Delta Electronics DVP12SE PLC Vulnerabilities

Delta Electronics DVP12SE PLC Vulnerabilities 🚨

Source: CISA
Date Published: June 30, 2026

Successful exploitation of these vulnerabilities could allow an attacker to remotely issue commands, modify operational values, interfere with control logic, and alter device behavior without authentication or privilege enforcement. The following versions of Delta Electronics DVP12SE PLC are affected: DVP12SE PLC vers:all/* (CVE-2026-12819, CVE-2026-12818). These critical infrastructure vulnerabilities impact Critical Manufacturing sectors and are deployed worldwide. Adm Bin Harbi (0xnoag) from Corvo Security reported these vulnerabilities to CISA. The initial release date for this advisory is 2026-06-30.

Vulnerability Details

  • CVE-2026-12819: This vulnerability exposes a Modbus TCP service over a specified port without authentication or access control, permitting unauthenticated interaction with security-sensitive PLC functions. The device accepts Modbus commands from any reachable network source without requiring credentials, privilege validation, or operator approval, allowing unauthorized read and write access to coils, holding registers, operational memory, relay states, and process control functions. This vulnerability is classified under CWE-306 Missing Authentication for Critical Function.

  • CVE-2026-12818: Indicates that Delta Electronics DVP12SE PLCs are susceptible to a resource allocation vulnerability without limits or throttling (CWE-770) within their Modbus TCP service.
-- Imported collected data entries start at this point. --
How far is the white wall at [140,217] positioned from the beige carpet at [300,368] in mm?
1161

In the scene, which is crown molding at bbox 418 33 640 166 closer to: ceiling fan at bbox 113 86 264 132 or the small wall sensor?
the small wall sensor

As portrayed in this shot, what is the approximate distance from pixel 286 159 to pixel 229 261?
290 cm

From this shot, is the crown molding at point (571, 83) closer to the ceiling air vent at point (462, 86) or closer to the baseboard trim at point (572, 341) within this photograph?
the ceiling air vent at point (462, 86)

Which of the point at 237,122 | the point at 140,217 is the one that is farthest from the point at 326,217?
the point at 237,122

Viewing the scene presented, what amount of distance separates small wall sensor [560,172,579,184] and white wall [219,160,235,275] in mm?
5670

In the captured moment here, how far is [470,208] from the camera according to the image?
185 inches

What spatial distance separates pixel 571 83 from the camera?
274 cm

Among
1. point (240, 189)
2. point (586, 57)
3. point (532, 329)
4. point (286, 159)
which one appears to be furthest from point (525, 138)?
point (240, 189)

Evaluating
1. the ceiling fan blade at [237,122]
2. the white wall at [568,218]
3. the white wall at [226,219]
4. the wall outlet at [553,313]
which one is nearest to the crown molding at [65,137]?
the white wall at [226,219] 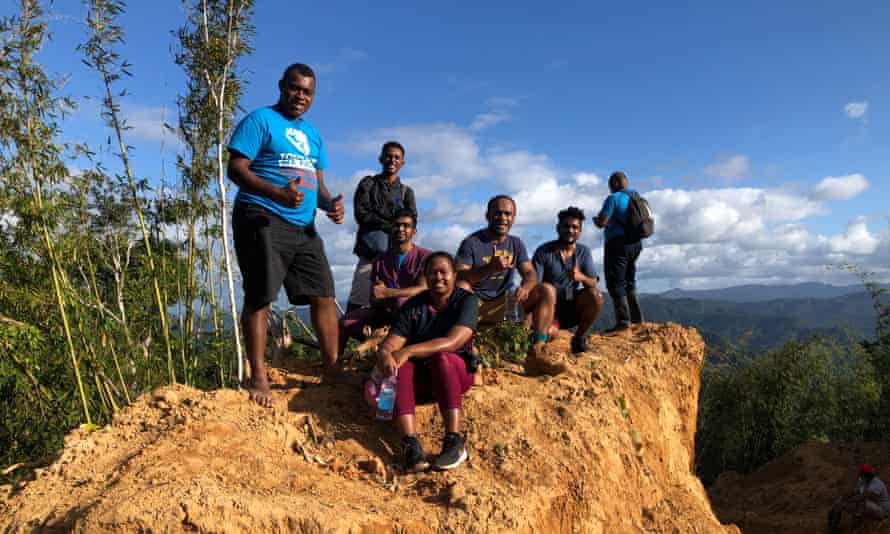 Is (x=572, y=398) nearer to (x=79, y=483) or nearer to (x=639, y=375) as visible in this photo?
(x=639, y=375)

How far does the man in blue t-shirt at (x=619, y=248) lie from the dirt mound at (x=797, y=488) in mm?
6548

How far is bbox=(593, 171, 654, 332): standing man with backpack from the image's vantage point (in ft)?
22.3

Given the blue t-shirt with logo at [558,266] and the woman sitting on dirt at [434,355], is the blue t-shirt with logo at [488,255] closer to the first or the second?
the blue t-shirt with logo at [558,266]

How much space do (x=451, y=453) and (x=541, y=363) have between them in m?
1.69

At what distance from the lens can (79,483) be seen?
115 inches

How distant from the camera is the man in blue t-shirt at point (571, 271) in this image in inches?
238

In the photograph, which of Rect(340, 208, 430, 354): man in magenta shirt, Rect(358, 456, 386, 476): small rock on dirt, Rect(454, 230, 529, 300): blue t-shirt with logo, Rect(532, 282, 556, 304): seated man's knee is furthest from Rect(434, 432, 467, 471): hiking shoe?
Rect(532, 282, 556, 304): seated man's knee

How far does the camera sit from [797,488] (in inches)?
509

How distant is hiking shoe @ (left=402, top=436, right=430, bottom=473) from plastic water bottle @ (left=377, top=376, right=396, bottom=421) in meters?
0.20

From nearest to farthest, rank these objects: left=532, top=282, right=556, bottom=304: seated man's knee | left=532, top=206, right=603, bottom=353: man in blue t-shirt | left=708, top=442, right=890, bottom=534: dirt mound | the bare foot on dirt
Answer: the bare foot on dirt < left=532, top=282, right=556, bottom=304: seated man's knee < left=532, top=206, right=603, bottom=353: man in blue t-shirt < left=708, top=442, right=890, bottom=534: dirt mound

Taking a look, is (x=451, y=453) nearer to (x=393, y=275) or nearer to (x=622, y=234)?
(x=393, y=275)

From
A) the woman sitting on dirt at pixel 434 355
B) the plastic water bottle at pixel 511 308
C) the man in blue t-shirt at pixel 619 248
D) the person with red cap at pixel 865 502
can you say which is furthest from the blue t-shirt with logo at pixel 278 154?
the person with red cap at pixel 865 502

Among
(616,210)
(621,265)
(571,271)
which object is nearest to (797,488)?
(621,265)

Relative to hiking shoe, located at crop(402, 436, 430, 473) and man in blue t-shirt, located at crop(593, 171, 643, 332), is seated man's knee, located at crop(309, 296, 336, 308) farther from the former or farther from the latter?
man in blue t-shirt, located at crop(593, 171, 643, 332) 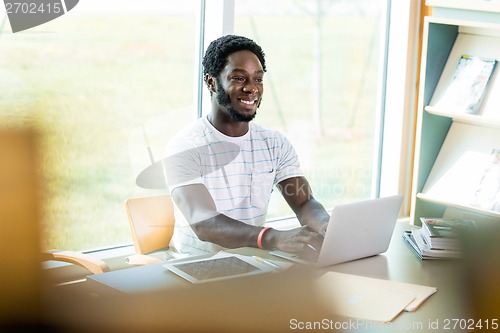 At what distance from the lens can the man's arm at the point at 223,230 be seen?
184cm

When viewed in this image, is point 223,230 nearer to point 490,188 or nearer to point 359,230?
point 359,230

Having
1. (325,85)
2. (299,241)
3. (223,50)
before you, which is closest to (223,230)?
(299,241)

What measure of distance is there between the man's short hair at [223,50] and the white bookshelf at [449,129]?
1.22 meters

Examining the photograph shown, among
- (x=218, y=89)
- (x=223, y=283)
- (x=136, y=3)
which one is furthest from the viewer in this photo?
(x=136, y=3)

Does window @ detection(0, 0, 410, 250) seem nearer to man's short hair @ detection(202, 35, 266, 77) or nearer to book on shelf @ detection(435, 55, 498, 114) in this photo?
man's short hair @ detection(202, 35, 266, 77)

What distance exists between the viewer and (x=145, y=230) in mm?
2430

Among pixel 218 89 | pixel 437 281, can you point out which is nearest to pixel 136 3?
pixel 218 89

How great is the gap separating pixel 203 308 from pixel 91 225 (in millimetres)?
2755

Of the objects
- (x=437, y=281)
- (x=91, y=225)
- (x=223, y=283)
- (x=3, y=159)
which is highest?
(x=3, y=159)

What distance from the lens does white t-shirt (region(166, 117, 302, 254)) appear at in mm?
2488

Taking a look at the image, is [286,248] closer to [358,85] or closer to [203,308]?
[203,308]

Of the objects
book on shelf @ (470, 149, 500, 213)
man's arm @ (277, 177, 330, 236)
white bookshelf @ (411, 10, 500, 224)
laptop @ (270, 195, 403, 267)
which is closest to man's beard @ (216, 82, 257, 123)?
man's arm @ (277, 177, 330, 236)

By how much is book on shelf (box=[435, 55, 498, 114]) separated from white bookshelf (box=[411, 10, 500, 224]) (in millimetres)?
29

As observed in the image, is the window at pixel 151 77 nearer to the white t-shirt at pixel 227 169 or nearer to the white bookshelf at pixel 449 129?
the white t-shirt at pixel 227 169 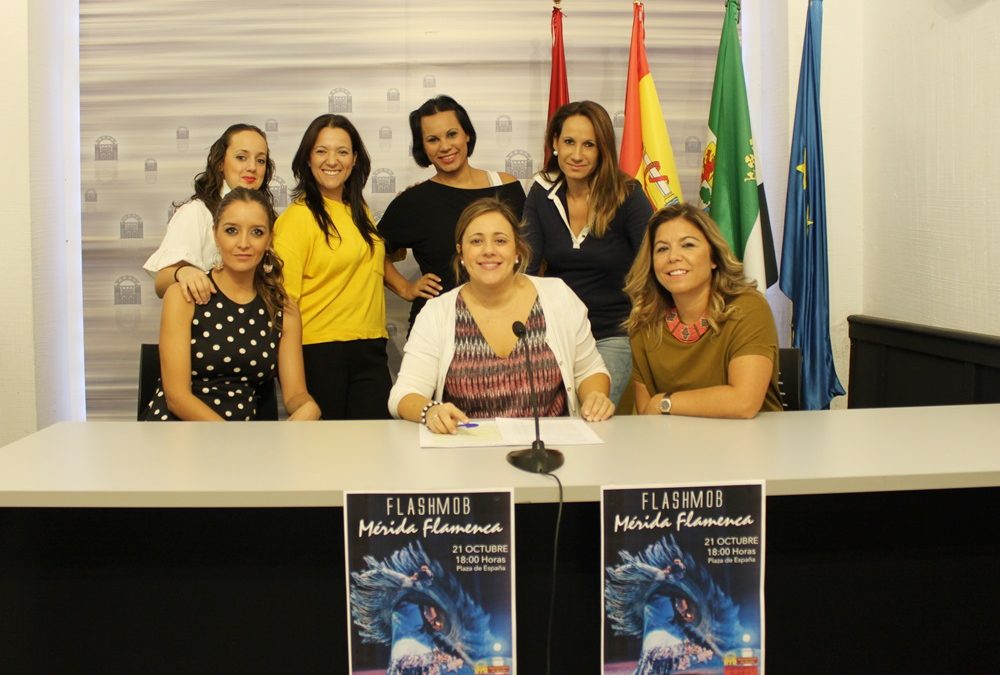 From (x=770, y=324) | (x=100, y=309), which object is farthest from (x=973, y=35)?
(x=100, y=309)

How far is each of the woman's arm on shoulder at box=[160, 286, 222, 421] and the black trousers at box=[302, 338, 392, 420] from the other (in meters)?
0.53

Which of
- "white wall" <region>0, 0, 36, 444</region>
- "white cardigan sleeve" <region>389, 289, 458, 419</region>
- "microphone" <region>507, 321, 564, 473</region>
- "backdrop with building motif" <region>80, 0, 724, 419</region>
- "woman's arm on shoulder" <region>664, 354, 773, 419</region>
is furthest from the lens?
"backdrop with building motif" <region>80, 0, 724, 419</region>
A remote attacker could exploit this vulnerability by flooding the Modbus port (TCP/502) with a continuous stream of raw network packets or specially crafted and malformed packets. This vulnerability is associated with CWE-770 Allocation of Resources Without Limits or Throttling.

Delta Electronics is aware of these vulnerabilities and is currently working on a fix. They recommend users apply the following workarounds:

  • Enable the IP Filter feature, configuring and enabling the PLC’s built-in IP Filter function via the programming software. Restrict access exclusively to the IP addresses of trusted devices (such as designated HMI panels or SCADA hosts) to block unauthorized network access.
  • Set up PLC password protection to ensure the device’s core control logic and parameters cannot be easily downloaded, overwritten, or tampered with.
  • Implement network isolation and firewall protection by deploying the PLC within an independent local area network (OT control network) secured by a firewall. Never connect the device directly to the office network or the Internet.
  • If remote access is required, enforce the use of a secure, authorized VPN tunnel.

For more information, refer to Delta Electronic’s advisory page at Delta Advisory. CISA also recommends users take defensive measures to minimize the risk of exploitation of these vulnerabilities, including minimizing network exposure for all control system devices and/or systems, ensuring they are not accessible from the internet. Control system networks and remote devices should be located behind firewalls and isolated from business networks.

No known public exploitation specifically targeting these vulnerabilities has been reported to CISA at this time.